Getting started with Kafka and Node.js - Setup with example
Let's build a pub/sub program using Kafka and Node.js, Kafka is a enterprise level tool for sending messages across the Microservices.
Kafka is generally used for two broad classes of applications:
- Building real-time streaming data pipelines that reliably get data between systems or applications
- Building real-time streaming applications that transform or react to the streams of data
To understand how Kafka does these things, let's dive in and explore Kafka's capabilities from the bottom up.
First a few concepts:
- Kafka is run as a cluster on one or more servers that can span multiple datacenters.
- The Kafka cluster stores streams of records in categories called topics.
- Each record consists of a key, a value, and a timestamp.
Kafka has four core APIs:
- The Producer API allows an application to publish a stream of records to one or more Kafka topics.
- The Consumer API allows an application to subscribe to one or more topics and process the stream of records produced to them.
- The Streams API allows an application to act as a stream processor, consuming an input stream from one or more topics and producing an output stream to one or more output topics, effectively transforming the input streams to output streams.
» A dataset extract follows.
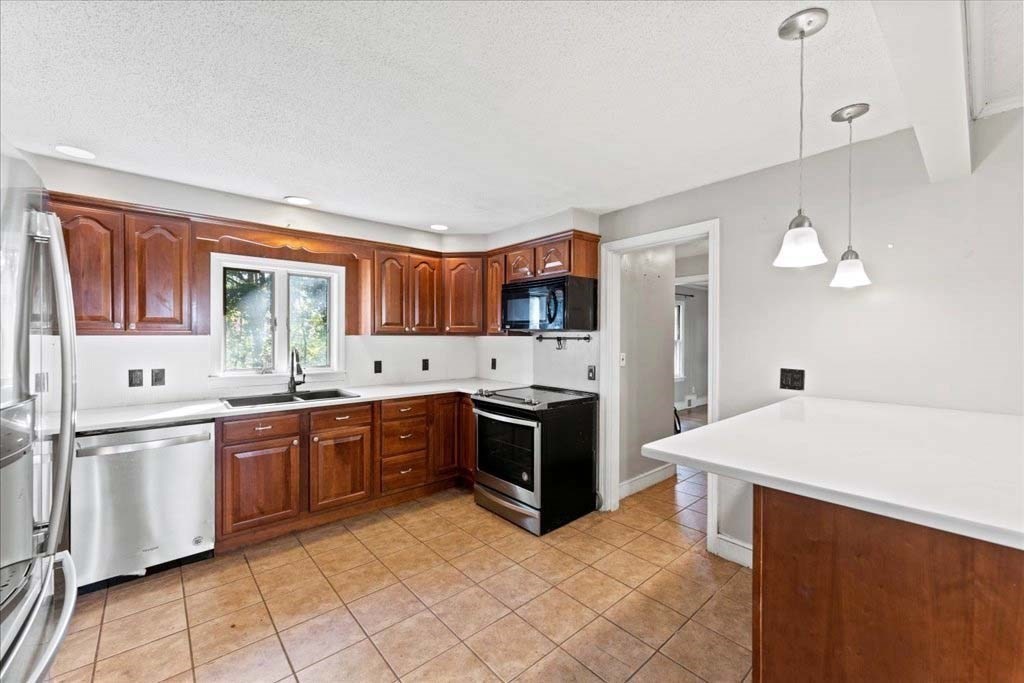23 Puritan Circle Springfield, MA 01119 - Photo 5 of 29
- The Connector API allows building and running reusable producers or consumers that connect Kafka topics to existing applications or data systems. For example, a connector to a relational database might capture every change to a table.
In this example we use Producer and consumer API's.
Before we started lets setup the project folder and dependencies
Kafka single node setup
On a single machine, a 3 broker kafka instance is at best the minimum, for a hassle-free working. Also, replication factor is set to 2.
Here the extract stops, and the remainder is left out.